Vincent Bolduc, qui signait La Soif de l’or comme "oeuvre de sortie" à l’École nationale de théâtre du Canada, verra sa pièce adaptée pour la première fois dans un cadre professionnel au Théâtre de l’Île. Rencontre.

Fort d’une large expérience comme comédien au théâtre et à la télévision, Vincent Bolduc a ajouté une solide corde à son arc en acquérant un diplôme du programme d’écriture dramatique à l’École nationale de théâtre (ENT) du Canada en 2001. Depuis, il a écrit de nombreux textes pour la télévision – notamment pour des émissions jeunesse – ainsi qu’une fiction pour la radio. Ayant étudié la façon de travailler la structure et l’intrigue avec Jean-Marc Dalpé, Vincent avait ensuite été "coaché" par Raynald Robinson lors de la rédaction de cette pièce. "Des personnages me sont apparus, j’avais envie de les laisser me raconter leur histoire, parce que j’ai tendance à retenir, à vouloir raconter mon affaire, relate-t-il au bout du fil. J’avais écrit des scènes de façon très libre, il n’y avait pas de noms de personnages, juste des bouts de discussion, de dialogue… Et avec le recul, l’histoire m’est apparue d’elle-même par les personnages, par les situations."

Se déroulant dans une ville minière, La Soif de l’or raconte l’histoire d’un déséquilibre dans la vie d’une communauté, après l’arrivée d’un étranger venu faire un rapport sur le travail des mineurs. Tout basculera lorsqu’un meurtre sera commis. Les six personnages de la pièce feront alors face à leurs propres démons, mais aussi à la place de l’autre dans leur vie.

Initialement, Vincent avait été attiré par un fait divers dans le journal: un meurtre s’était produit dans un champ et on décrivait ce qui avait été trouvé sur la scène du crime. "C’était mystérieux, et je me suis demandé ce qui avait pu se passer pour que ces éléments se retrouvent là." Dans la pièce, ces mêmes éléments seront trouvés, et chaque objet agit tel un indice dans le casse-tête qui mènera à la clef de l’intrigue, donnée qu’à la toute fin. "Je voulais parler de la communicabilité, de la difficulté à dire ce qu’on ressent, ce qu’on désire.
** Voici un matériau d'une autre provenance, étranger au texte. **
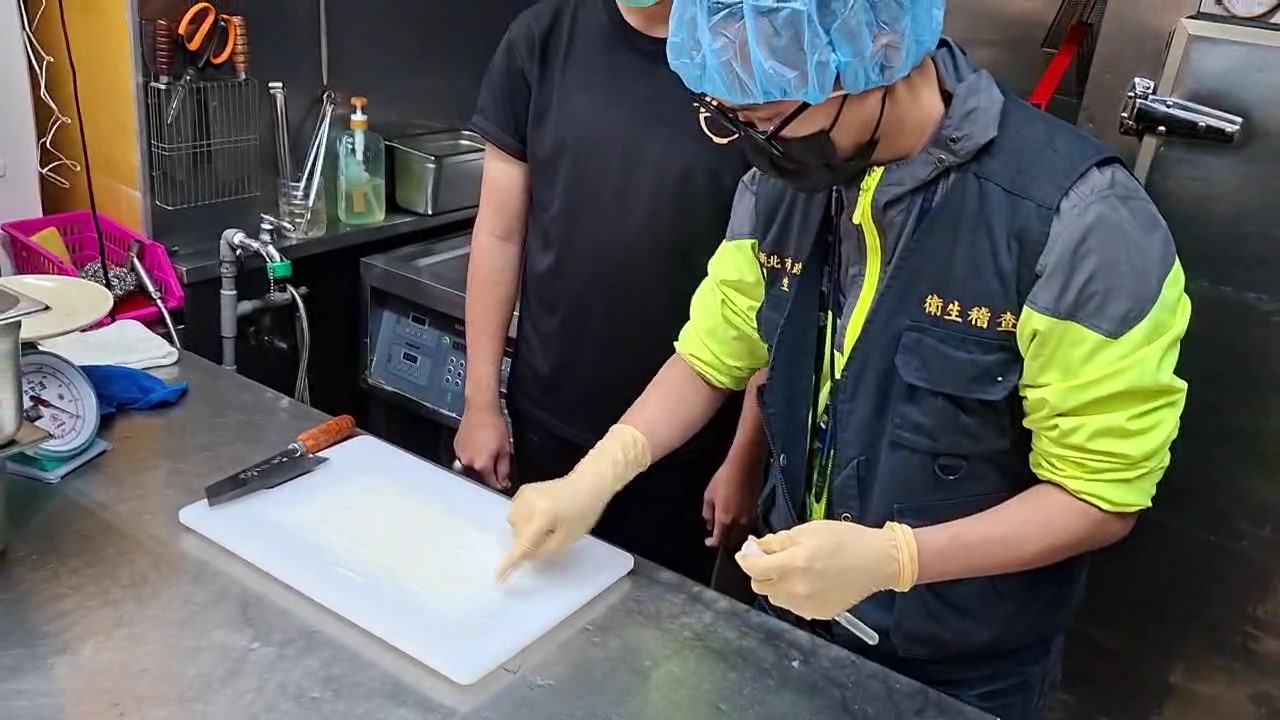 新北市便當店「清六食堂」疑食物中毒案，增至143人就醫。（新北市衛生局提供）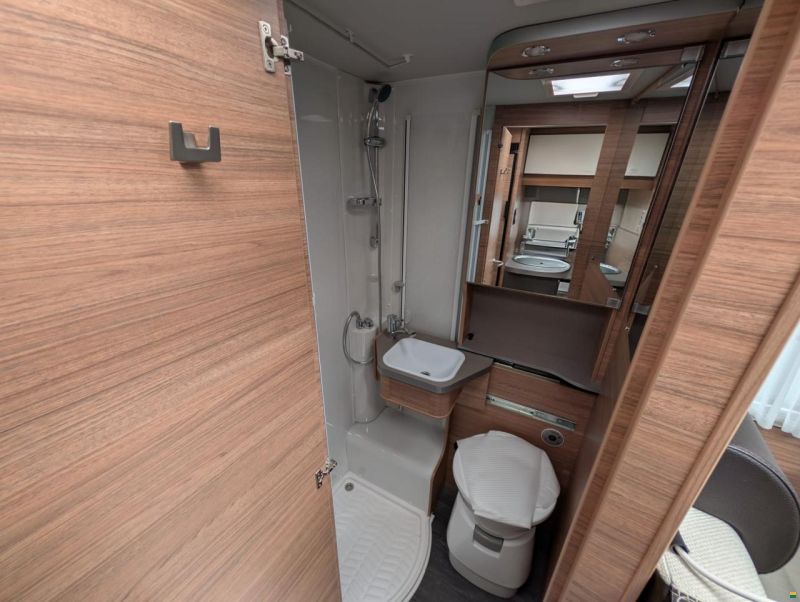 Weinsberg CaraCompact MB 640 MEG Edition Pepper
Quand on parle de la soif brièvement au début de la pièce, c’est justement cette soif qui est inassouvie et qui est perpétuelle chez les personnages, qui cherchent à obtenir quelque chose et qui n’arrivent pas à mettre la main dessus. C’était vraiment le sentiment de départ que j’avais envie de traduire."

Si le communiqué de presse du Théâtre décrit la pièce comme un "suspense passionnant", Vincent avoue ne pas l’avoir écrite dans cette perspective: "J’ai toujours envie que les informations ne soient pas données jusqu’au bout, j’aime ça quand je suis au bout de ma chaise, quand j’ai envie de me lever à tout instant pour essayer de comprendre, de voir ce qui se passe. Dans ma façon de raconter, j’ai toujours envie d’aménager l’information, pour ajouter ce suspense, mais je ne l’ai pas abordé comme tel."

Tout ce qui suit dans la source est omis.